No-one could be better in this role than John Goodman, whose menacing bulk is usually displayed in comic roles nowadays. There are times when he makes Howard seem like a sad, warm-hearted guy, although he can plunge into a rage at a moment’s notice. He’s not exactly a character that gradually wins you over. On the contrary, prolonged contact brings growing unease about the secrets he appears to be concealing.
For a moment there is something close to harmony in this unconventional household – although ‘resignation’ might be a better word. Later there are unexpected twists that I can’t discuss without revealing too much of the plot.
One of the peculiarities of this movie is that it is a kind of non-sequel to a 2008 ‘found footage’ monster movie called Cloverfield, also produced by J.J. Abrams, best known as the director of the recent Star Wars movie. Abrams talks about a “Cloverfield franchise” but there is only the most tenuous link between the two films. Some would say there is none whatsoever, with an unrelated story grafted onto an existing brand. I’m sure there’ll soon be a third Cloverfield movie that clears up the confusion.
It raises the intriguing idea of a Hollywood franchise in which each new installment explores a different genre. So far we’ve had a monster movie and a hybrid that combines the claustrophobia of a woman held in captivity, with the suggestion of a world ravaged by nuclear apocalypse. What’s next? Zombies in Cloverfield? The Cloverfield Games?

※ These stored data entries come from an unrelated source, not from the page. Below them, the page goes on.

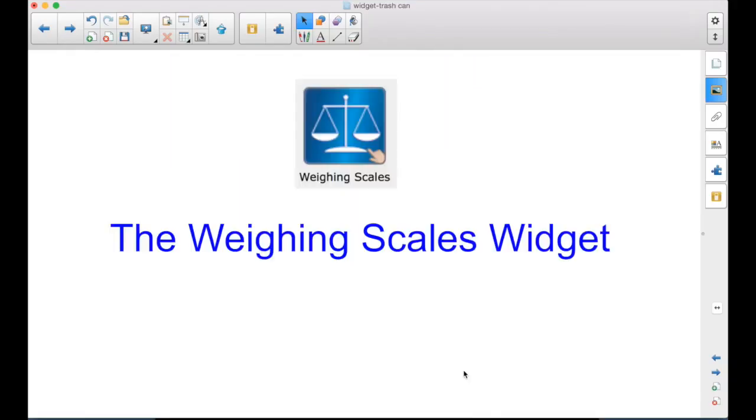I'm sure after seeing this, you have ideas of how you might use the weighing scales widget in your math or science lessons. You're welcome.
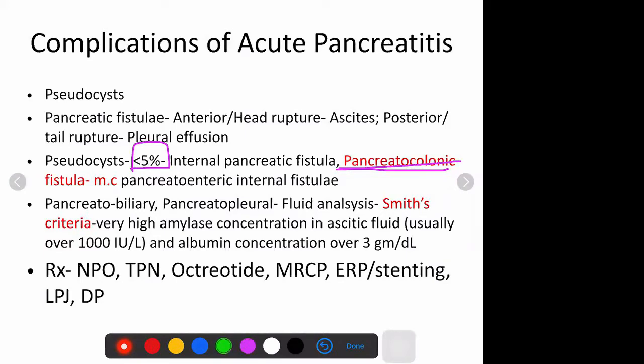Other fistulae that can occur: it can rupture into the bile duct or into the pleural cavity. How do you analyze it? If you place an ICD for the pleural effusion and analyze the pleural fluid - if it has very high amylase content of more than 1000 units per litre and albumin content over 3 grams per decilitre, then it is diagnostic of a pancreatic fistula - specifically pancreato-pleural effusion.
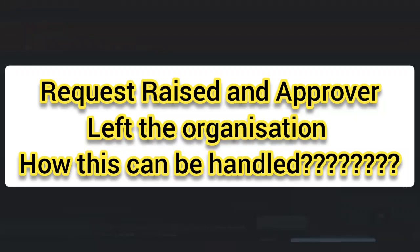Per flow, in approval, someone is no more active in ServiceNow and that approval request went to that person, but that person is no more active in ServiceNow. So that request, where will it go? It will go on hold. It will go as an orphan — no one will touch it and the user is not available.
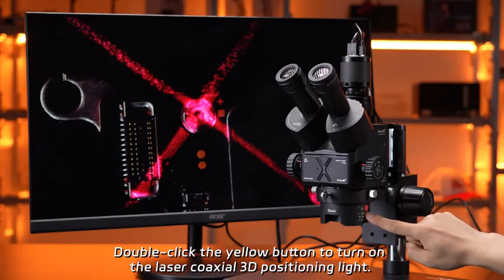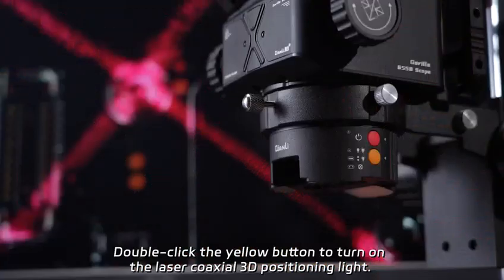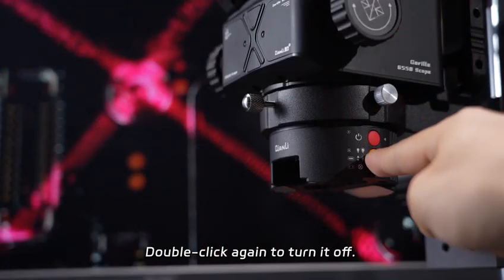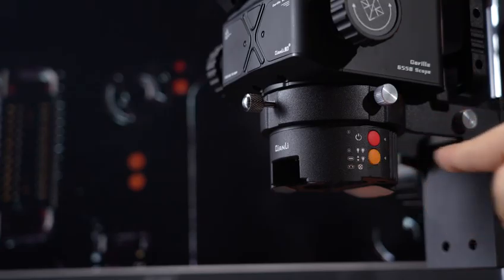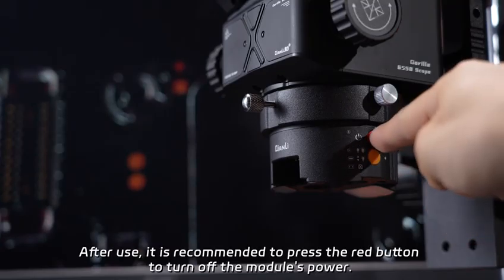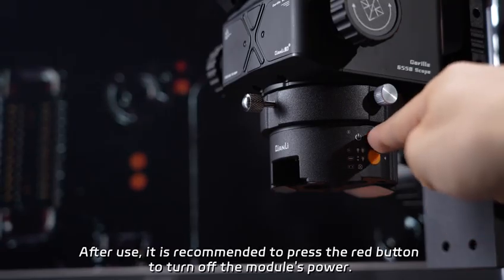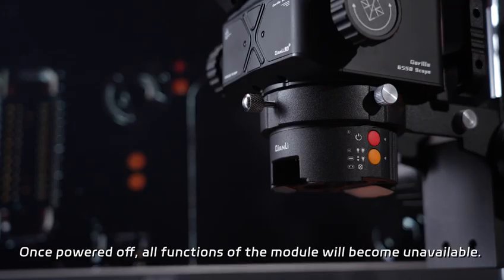Double-click the yellow button to turn on the laser coaxial 3D positioning light. Double-click again to turn it off. After use, it is recommended to press the red button to turn off the module's power. Once powered off, all functions of the module will become unavailable.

This is a first feature for director, Dan Trachtenberg, who is skilful at using the camera to create suspense, but relies rather too heavily on a melodramatic score by Bear McCreary.
Ultimately 10 Cloverfield Lane comes across as a medium-strength thriller that owes everything to Goodman’s performance. It’s a movie to warm the hearts of any American Survivalist willing to leave his bunker for a night at the flicks. Howard is a fine example of the breed, who would have been adequately prepared even if doomsday had never arrived. When all the world lies in ruins there remains the small pleasure of saying: “I told you so.”
10 Cloverfield Lane
Directed by Dan Trachtenberg
Written by Josh Campbell, Matthew Stuecken & Damien Chazelle
Starring John Goodman, Mary Elizabeth Winstead, John Gallagher Jr.
USA, rated M 103 mins
Published in the Australian Financial Review, Saturday 19th March, 2016.